Fortunately, the origin of “washed up” in the “brilliant career definitely over” sense is much more benign. “Wash up” has been used as slang meaning “to finish, to end” since the 1920s. The original sense seems to have been “washing up,” cleaning one’s hands, face, etc., after completing a job, and the earliest citations indicate that it first became popular in the theater (“[Stage slang.] Washed up, all through for the night,” NY Times, 1923). But another citation, this one from the NY World in 1925, indicates that “wash up” was also used in the sense of “to get rid of” or “to deep six” an unpromising performer (“‘That guy might be all right if he washed up [washed, cleaned himself],’ commented Buck… Just then the stage manager called out: ‘What will I do with this act, Mr. Ziegfeld?’ ‘Wash up him and the bird,’ said Flo [Ziegfeld] and that was the last of the Italian and his trained canary.”). So a “washed up” act was one that had been “washed up” and sent home.
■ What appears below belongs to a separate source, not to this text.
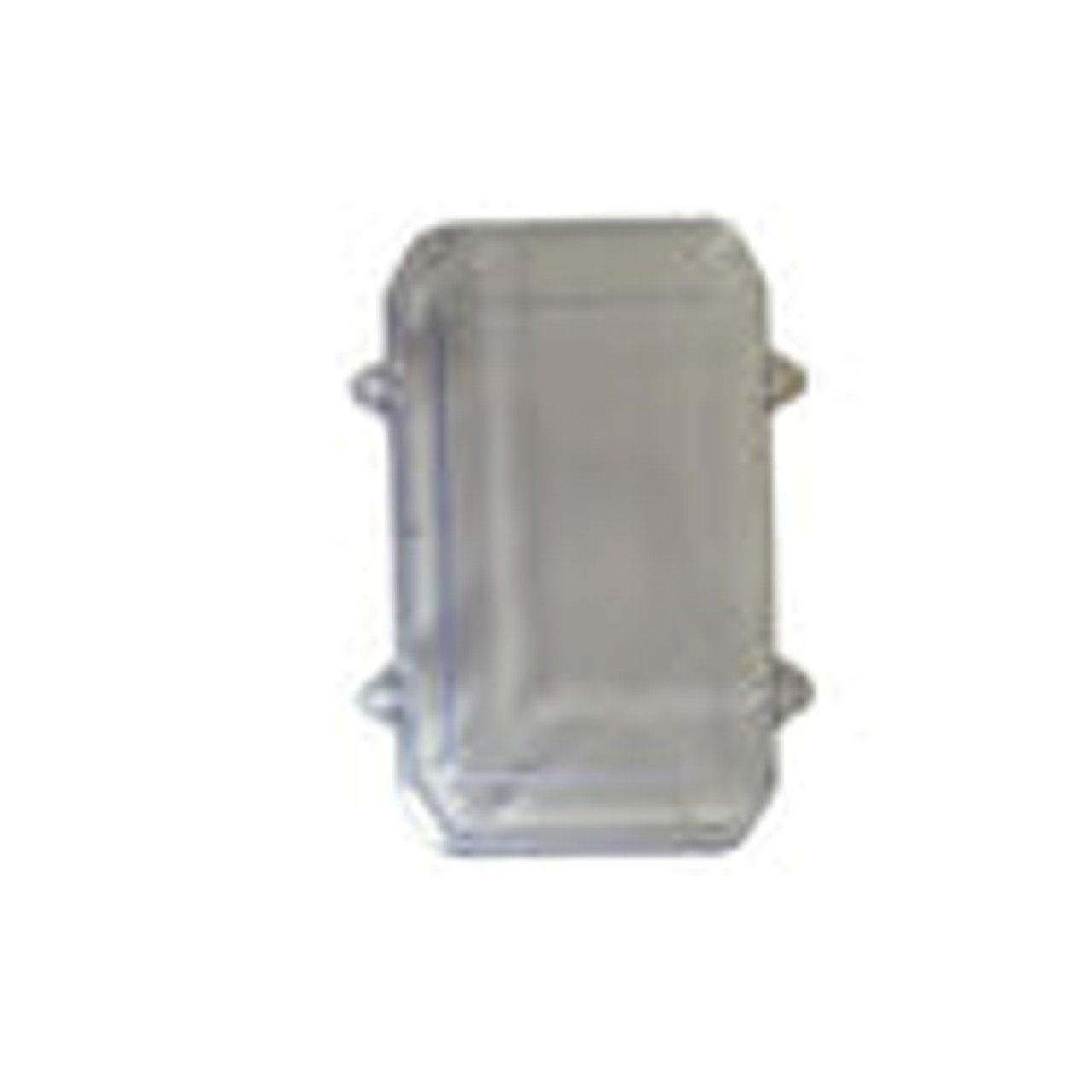 (6) Speedometer Transparent Cover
“Wash up” has occasionally been used in a positive “finish” or “complete” sense (“‘I had an idea,’ he explained.? ‘Just came to me, riding back. I think I know how I can wash it up.’? He would write it now — tonight!” 1929). But “washed up” (or “all washed up”) has pretty consistently meant “worn out, finished, ruined,” whether it was applied to a personal relationship or the career of someone considered, perhaps a bit prematurely, a has-been (“Once he was the most underestimated man in American politics — a washed-up movie star, it was said, who was too old, too simple and too far right to be President,” Newsweek, 1980).